Thanks to capabilities like change block tracked backups and block-level incremental backup make even backup software based deduplication less critical. Modern applications require better backup storage targets, than the solutions that have been on the market for the last twelve years.
The Impact of Software Defined Deduplication
Moving deduplication and other data efficiency techniques to software is another part of the movement towards software-defined data center and software-defined storage (SDS) technologies. The same processing-power excess that enables sophisticated SDS solutions to run on commodity servers, also enables backup software solutions to provide these features. Furthermore, by moving data efficiency to the software, the organization also gains flexibility when selecting their backup hardware, a benefit that can significantly reduce overall costs.
Traditional hardware-based deduplication is locked into the hardware a vendor offers. In the modern data center, this hardware lock-in strategy is no longer acceptable. Data centers need the opportunity to leverage the hardware of their choosing, to adopt high-capacity hard disk drives as soon as they become available, and to even support flash media when the need justifies the investment.
If your organization is moving towards a cloud-centric operating, here’s another key consideration: Software-based data efficiency provides flexibility in where the data protection hardware can reside. It can be either on-prem or in the cloud. If your data efficiency relies on specific hardware, you’ve lost that option.
What Should Dedupe-less Hardware Look Like?
Deploying data efficiency within your backup servers provides several other benefits. First, it frees up the backup storage to focus on a single task: storage.
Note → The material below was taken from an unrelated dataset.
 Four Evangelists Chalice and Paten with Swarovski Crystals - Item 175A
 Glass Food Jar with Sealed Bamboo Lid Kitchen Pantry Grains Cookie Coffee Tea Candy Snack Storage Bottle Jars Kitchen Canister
Deduplication does extract a toll on CPU and RAM. If that function is deployed on the storage, it naturally increases the performance requirements and therefore the cost of the storage hardware. Locating that function on the media servers drives down overall costs.
The second benefit is the organization can more easily resolve the major challenge that all backup architectures face eventually: scaling to meet capacity demands. The problem with most hardware-based backup appliances is their legacy architecture. One of the limitation is they can’t scale and they force customer to use complex scale-out architectures to overcome the limitation of poor software design. This means they are purchased with excess CPU and memory, and then dumb shelves are added to the main controller. Ultimately, you reach the limit as to exactly how much capacity they can support. At that point you have to either add and manage another system, upgrade the controller of the current system or replace the entire architecture.
Disk deduplication is something that may be best applied in backup software (if at all) – the hardware that used to count on the deduplication feature to justify its existence can do so no longer. This fact, combined with the larger trend towards software-defined storage, explains why organizations need a differing storage strategy that can advance the state of backup storage targets to provide hardware flexibility, scaling and location independence, including the cloud.